__Exercise goal__. The complete listing below should be transcribed precisely.
----------
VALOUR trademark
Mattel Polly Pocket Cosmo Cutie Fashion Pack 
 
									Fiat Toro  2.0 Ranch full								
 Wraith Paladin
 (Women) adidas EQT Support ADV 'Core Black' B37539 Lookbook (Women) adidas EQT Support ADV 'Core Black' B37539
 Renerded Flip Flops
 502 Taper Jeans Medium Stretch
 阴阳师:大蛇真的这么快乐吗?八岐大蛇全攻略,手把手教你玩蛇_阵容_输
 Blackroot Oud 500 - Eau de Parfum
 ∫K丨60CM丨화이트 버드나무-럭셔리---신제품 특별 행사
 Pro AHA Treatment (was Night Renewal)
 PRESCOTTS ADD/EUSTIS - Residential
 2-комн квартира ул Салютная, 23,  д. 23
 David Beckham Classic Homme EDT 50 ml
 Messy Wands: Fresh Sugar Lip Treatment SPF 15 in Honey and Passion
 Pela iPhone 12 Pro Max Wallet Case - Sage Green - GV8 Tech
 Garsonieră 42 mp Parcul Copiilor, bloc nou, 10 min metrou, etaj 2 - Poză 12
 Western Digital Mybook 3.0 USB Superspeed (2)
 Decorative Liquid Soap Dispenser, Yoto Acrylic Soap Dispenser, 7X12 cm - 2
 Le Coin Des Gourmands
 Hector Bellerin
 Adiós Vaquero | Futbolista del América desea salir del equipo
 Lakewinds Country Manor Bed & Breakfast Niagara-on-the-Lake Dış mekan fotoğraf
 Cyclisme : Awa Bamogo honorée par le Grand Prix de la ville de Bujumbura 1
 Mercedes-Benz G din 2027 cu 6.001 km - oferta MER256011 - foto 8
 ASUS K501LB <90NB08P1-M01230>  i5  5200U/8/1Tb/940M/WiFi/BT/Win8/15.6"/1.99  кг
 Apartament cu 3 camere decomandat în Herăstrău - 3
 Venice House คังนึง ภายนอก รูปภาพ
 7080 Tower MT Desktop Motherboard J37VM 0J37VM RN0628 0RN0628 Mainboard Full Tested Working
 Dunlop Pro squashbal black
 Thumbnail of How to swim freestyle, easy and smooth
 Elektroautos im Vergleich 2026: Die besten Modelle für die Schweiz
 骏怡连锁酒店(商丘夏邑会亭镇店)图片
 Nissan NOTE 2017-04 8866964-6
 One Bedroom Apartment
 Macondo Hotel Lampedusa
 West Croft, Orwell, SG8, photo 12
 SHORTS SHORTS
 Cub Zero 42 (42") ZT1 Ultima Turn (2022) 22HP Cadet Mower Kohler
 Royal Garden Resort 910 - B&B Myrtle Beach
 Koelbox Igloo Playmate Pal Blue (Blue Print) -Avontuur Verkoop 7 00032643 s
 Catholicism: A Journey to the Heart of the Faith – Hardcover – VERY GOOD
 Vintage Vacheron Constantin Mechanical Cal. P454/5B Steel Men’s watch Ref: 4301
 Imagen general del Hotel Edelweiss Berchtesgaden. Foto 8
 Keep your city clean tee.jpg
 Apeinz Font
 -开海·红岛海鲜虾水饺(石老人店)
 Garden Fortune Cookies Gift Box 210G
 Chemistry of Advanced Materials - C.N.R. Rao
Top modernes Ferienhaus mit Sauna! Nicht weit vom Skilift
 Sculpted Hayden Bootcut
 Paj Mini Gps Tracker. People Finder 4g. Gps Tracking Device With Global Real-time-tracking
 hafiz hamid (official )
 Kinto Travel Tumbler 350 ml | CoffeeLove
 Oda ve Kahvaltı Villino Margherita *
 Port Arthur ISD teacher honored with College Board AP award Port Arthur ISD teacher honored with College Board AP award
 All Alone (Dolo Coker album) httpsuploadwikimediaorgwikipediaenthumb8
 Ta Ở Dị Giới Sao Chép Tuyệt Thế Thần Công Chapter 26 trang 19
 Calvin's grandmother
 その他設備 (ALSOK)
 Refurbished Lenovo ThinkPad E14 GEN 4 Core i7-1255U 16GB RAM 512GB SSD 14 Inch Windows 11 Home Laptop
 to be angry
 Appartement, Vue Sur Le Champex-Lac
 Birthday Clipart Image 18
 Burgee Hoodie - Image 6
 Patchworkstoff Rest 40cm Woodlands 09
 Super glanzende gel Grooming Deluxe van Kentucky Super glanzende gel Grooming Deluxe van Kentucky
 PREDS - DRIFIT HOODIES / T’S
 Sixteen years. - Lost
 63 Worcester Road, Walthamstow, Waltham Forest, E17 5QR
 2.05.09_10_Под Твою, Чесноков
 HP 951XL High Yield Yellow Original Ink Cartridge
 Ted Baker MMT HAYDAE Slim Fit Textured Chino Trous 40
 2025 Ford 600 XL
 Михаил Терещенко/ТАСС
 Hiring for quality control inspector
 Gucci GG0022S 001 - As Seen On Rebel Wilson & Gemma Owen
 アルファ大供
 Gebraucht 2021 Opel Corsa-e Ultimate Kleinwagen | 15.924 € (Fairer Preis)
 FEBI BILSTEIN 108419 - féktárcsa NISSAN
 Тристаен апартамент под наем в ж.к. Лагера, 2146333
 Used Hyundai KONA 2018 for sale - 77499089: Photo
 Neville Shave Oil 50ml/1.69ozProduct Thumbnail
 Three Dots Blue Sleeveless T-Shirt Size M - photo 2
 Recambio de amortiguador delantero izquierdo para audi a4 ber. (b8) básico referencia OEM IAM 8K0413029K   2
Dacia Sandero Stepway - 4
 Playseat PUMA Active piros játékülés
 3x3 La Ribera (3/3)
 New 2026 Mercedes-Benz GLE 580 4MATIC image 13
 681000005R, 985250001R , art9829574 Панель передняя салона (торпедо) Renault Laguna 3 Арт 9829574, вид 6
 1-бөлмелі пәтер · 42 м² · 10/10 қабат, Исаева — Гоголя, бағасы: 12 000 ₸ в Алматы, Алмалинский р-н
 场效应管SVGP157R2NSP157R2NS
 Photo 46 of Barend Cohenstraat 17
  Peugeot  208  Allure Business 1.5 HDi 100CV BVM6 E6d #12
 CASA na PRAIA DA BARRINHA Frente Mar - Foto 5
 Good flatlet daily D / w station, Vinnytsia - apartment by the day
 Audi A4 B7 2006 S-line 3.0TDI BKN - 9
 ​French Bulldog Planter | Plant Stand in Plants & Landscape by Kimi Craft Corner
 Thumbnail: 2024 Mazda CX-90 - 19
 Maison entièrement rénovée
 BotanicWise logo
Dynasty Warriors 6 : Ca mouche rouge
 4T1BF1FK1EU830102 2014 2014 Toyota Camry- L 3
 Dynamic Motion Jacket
----------
__Your solution__.
VALOUR trademark
Mattel Polly Pocket Cosmo Cutie Fashion Pack 
 
									Fiat Toro  2.0 Ranch full								
 Wraith Paladin
 (Women) adidas EQT Support ADV 'Core Black' B37539 Lookbook (Women) adidas EQT Support ADV 'Core Black' B37539
 Renerded Flip Flops
 502 Taper Jeans Medium Stretch
 阴阳师:大蛇真的这么快乐吗?八岐大蛇全攻略,手把手教你玩蛇_阵容_输
 Blackroot Oud 500 - Eau de Parfum
 ∫K丨60CM丨화이트 버드나무-럭셔리---신제품 특별 행사
 Pro AHA Treatment (was Night Renewal)
 PRESCOTTS ADD/EUSTIS - Residential
 2-комн квартира ул Салютная, 23,  д. 23
 David Beckham Classic Homme EDT 50 ml
 Messy Wands: Fresh Sugar Lip Treatment SPF 15 in Honey and Passion
 Pela iPhone 12 Pro Max Wallet Case - Sage Green - GV8 Tech
 Garsonieră 42 mp Parcul Copiilor, bloc nou, 10 min metrou, etaj 2 - Poză 12
 Western Digital Mybook 3.0 USB Superspeed (2)
 Decorative Liquid Soap Dispenser, Yoto Acrylic Soap Dispenser, 7X12 cm - 2
 Le Coin Des Gourmands
 Hector Bellerin
 Adiós Vaquero | Futbolista del América desea salir del equipo
 Lakewinds Country Manor Bed & Breakfast Niagara-on-the-Lake Dış mekan fotoğraf
 Cyclisme : Awa Bamogo honorée par le Grand Prix de la ville de Bujumbura 1
 Mercedes-Benz G din 2027 cu 6.001 km - oferta MER256011 - foto 8
 ASUS K501LB <90NB08P1-M01230>  i5  5200U/8/1Tb/940M/WiFi/BT/Win8/15.6"/1.99  кг
 Apartament cu 3 camere decomandat în Herăstrău - 3
 Venice House คังนึง ภายนอก รูปภาพ
 7080 Tower MT Desktop Motherboard J37VM 0J37VM RN0628 0RN0628 Mainboard Full Tested Working
 Dunlop Pro squashbal black
 Thumbnail of How to swim freestyle, easy and smooth
 Elektroautos im Vergleich 2026: Die besten Modelle für die Schweiz
 骏怡连锁酒店(商丘夏邑会亭镇店)图片
 Nissan NOTE 2017-04 8866964-6
 One Bedroom Apartment
 Macondo Hotel Lampedusa
 West Croft, Orwell, SG8, photo 12
 SHORTS SHORTS
 Cub Zero 42 (42") ZT1 Ultima Turn (2022) 22HP Cadet Mower Kohler
 Royal Garden Resort 910 - B&B Myrtle Beach
 Koelbox Igloo Playmate Pal Blue (Blue Print) -Avontuur Verkoop 7 00032643 s
 Catholicism: A Journey to the Heart of the Faith – Hardcover – VERY GOOD
 Vintage Vacheron Constantin Mechanical Cal. P454/5B Steel Men’s watch Ref: 4301
 Imagen general del Hotel Edelweiss Berchtesgaden. Foto 8
 Keep your city clean tee.jpg
 Apeinz Font
 -开海·红岛海鲜虾水饺(石老人店)
 Garden Fortune Cookies Gift Box 210G
 Chemistry of Advanced Materials - C.N.R. Rao
Top modernes Ferienhaus mit Sauna! Nicht weit vom Skilift
 Sculpted Hayden Bootcut
 Paj Mini Gps Tracker. People Finder 4g. Gps Tracking Device With Global Real-time-tracking
 hafiz hamid (official )
 Kinto Travel Tumbler 350 ml | CoffeeLove
 Oda ve Kahvaltı Villino Margherita *
 Port Arthur ISD teacher honored with College Board AP award Port Arthur ISD teacher honored with College Board AP award
 All Alone (Dolo Coker album) httpsuploadwikimediaorgwikipediaenthumb8
 Ta Ở Dị Giới Sao Chép Tuyệt Thế Thần Công Chapter 26 trang 19
 Calvin's grandmother
 その他設備 (ALSOK)
 Refurbished Lenovo ThinkPad E14 GEN 4 Core i7-1255U 16GB RAM 512GB SSD 14 Inch Windows 11 Home Laptop
 to be angry
 Appartement, Vue Sur Le Champex-Lac
 Birthday Clipart Image 18
 Burgee Hoodie - Image 6
 Patchworkstoff Rest 40cm Woodlands 09
 Super glanzende gel Grooming Deluxe van Kentucky Super glanzende gel Grooming Deluxe van Kentucky
 PREDS - DRIFIT HOODIES / T’S
 Sixteen years. - Lost
 63 Worcester Road, Walthamstow, Waltham Forest, E17 5QR
 2.05.09_10_Под Твою, Чесноков
 HP 951XL High Yield Yellow Original Ink Cartridge
 Ted Baker MMT HAYDAE Slim Fit Textured Chino Trous 40
 2025 Ford 600 XL
 Михаил Терещенко/ТАСС
 Hiring for quality control inspector
 Gucci GG0022S 001 - As Seen On Rebel Wilson & Gemma Owen
 アルファ大供
 Gebraucht 2021 Opel Corsa-e Ultimate Kleinwagen | 15.924 € (Fairer Preis)
 FEBI BILSTEIN 108419 - féktárcsa NISSAN
 Тристаен апартамент под наем в ж.к. Лагера, 2146333
 Used Hyundai KONA 2018 for sale - 77499089: Photo
 Neville Shave Oil 50ml/1.69ozProduct Thumbnail
 Three Dots Blue Sleeveless T-Shirt Size M - photo 2
 Recambio de amortiguador delantero izquierdo para audi a4 ber. (b8) básico referencia OEM IAM 8K0413029K   2
Dacia Sandero Stepway - 4
 Playseat PUMA Active piros játékülés
 3x3 La Ribera (3/3)
 New 2026 Mercedes-Benz GLE 580 4MATIC image 13
 681000005R, 985250001R , art9829574 Панель передняя салона (торпедо) Renault Laguna 3 Арт 9829574, вид 6
 1-бөлмелі пәтер · 42 м² · 10/10 қабат, Исаева — Гоголя, бағасы: 12 000 ₸ в Алматы, Алмалинский р-н
 场效应管SVGP157R2NSP157R2NS
 Photo 46 of Barend Cohenstraat 17
  Peugeot  208  Allure Business 1.5 HDi 100CV BVM6 E6d #12
 CASA na PRAIA DA BARRINHA Frente Mar - Foto 5
 Good flatlet daily D / w station, Vinnytsia - apartment by the day
 Audi A4 B7 2006 S-line 3.0TDI BKN - 9
 ​French Bulldog Planter | Plant Stand in Plants & Landscape by Kimi Craft Corner
 Thumbnail: 2024 Mazda CX-90 - 19
 Maison entièrement rénovée
 BotanicWise logo
Dynasty Warriors 6 : Ca mouche rouge
 4T1BF1FK1EU830102 2014 2014 Toyota Camry- L 3
 Dynamic Motion Jacket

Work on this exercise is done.